You can refactor this into a loop and using it for arbitrarily sized numbers by calculating the mnemonic bits above using current_bit_value<<=1 after each iteration.

Try this:

#include <bitset>
#include <iostream>
int main()
{
    std::bitset<32>      x(23456);
    std::cout << x << "\n";


    // If you don't want a variable just create a temporary.
    std::cout << std::bitset<32>(23456) << "\n";
}

There's a small header only library you can use for this here.

Example:

std::cout << ConvertInteger<Uint32>::ToBinaryString(21);
// Displays  "10101"

auto x = ConvertInteger<Int8>::ToBinaryString(21, true);
std::cout << x << "\n"; // displays "00010101"

auto x = ConvertInteger<Uint8>::ToBinaryString(21, true, "0b");
std::cout << x << "\n"; // displays "0b00010101"

There isn't a direct function, you can just walk along the bits of the int (hint see >> ) and insert a '1' or '0' in the string.
Sounds like a standard interview / homework type question

http://snippets.dzone.com/posts/show/4716 or http://www.phanderson.com/printer/bin_disp.html are two good examples.

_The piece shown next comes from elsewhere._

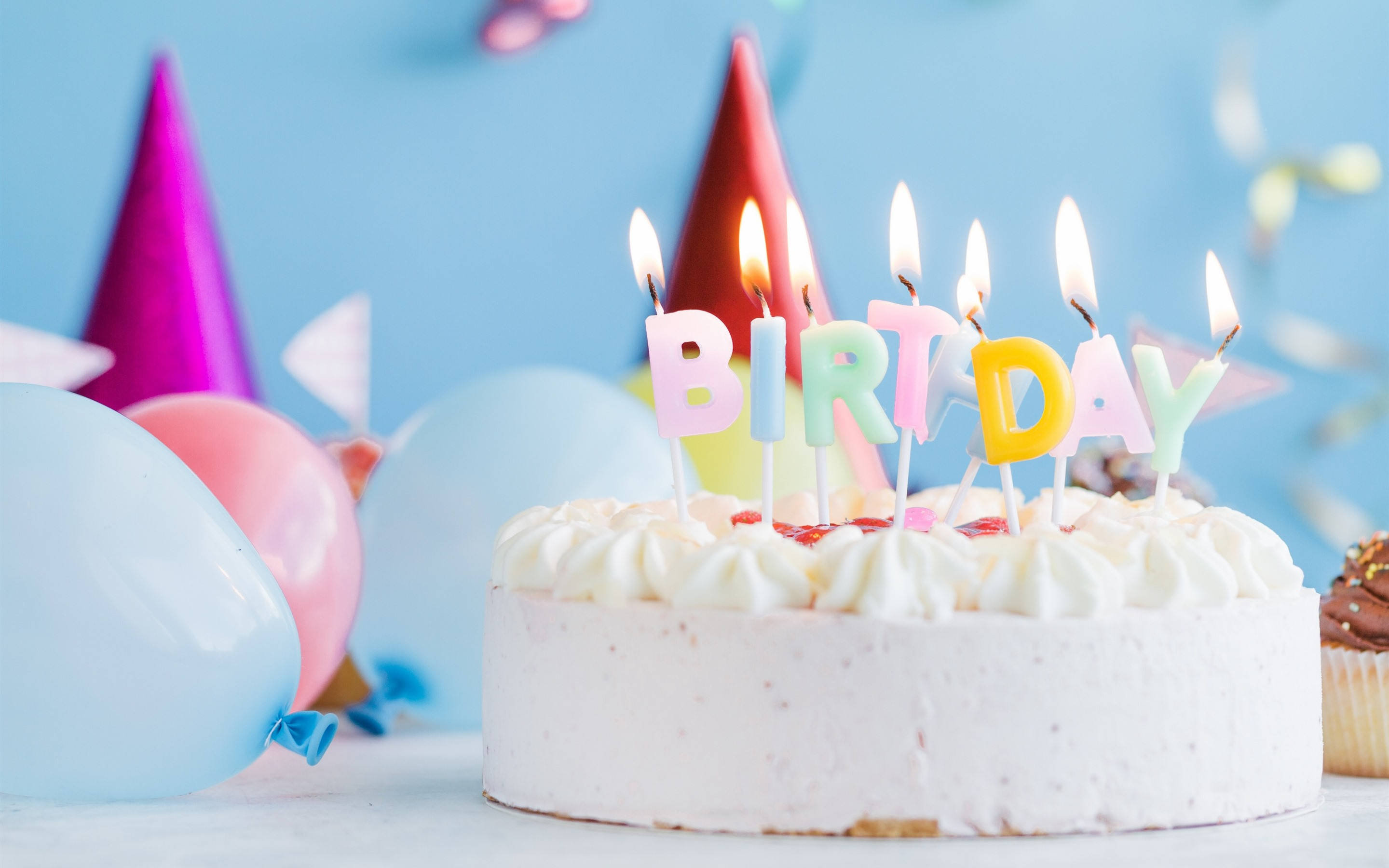 蛋糕 桌布 壁紙 — 一個糖霜生日蛋糕，頂部插著彩色「BIRTHDAY」蠟燭，周圍環繞著派對氣球，背景是柔和的藍色。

The basic principle of a simple approach:

• Loop until the # is 0
• & (bitwise and) the # with 1. Print the result (1 or 0) to the end of string buffer.
• Shift the # by 1 bit using >>=.
• Repeat loop
• Print reversed string buffer

To avoid reversing the string or needing to limit yourself to #s fitting the buffer string length, you can:

• Compute ceiling(log2(N)) - say L
• Compute mask = 2^L
• Loop until mask == 0:
  • & (bitwise and) the mask with the #. Print the result (1 or 0).
  • number &= (mask-1)
  • mask >>= 1 (divide by 2)

Use sprintf function to store the formatted output in the string variable, instead of printf for directly printing. Note, however, that these functions only work with C strings, and not C++ strings.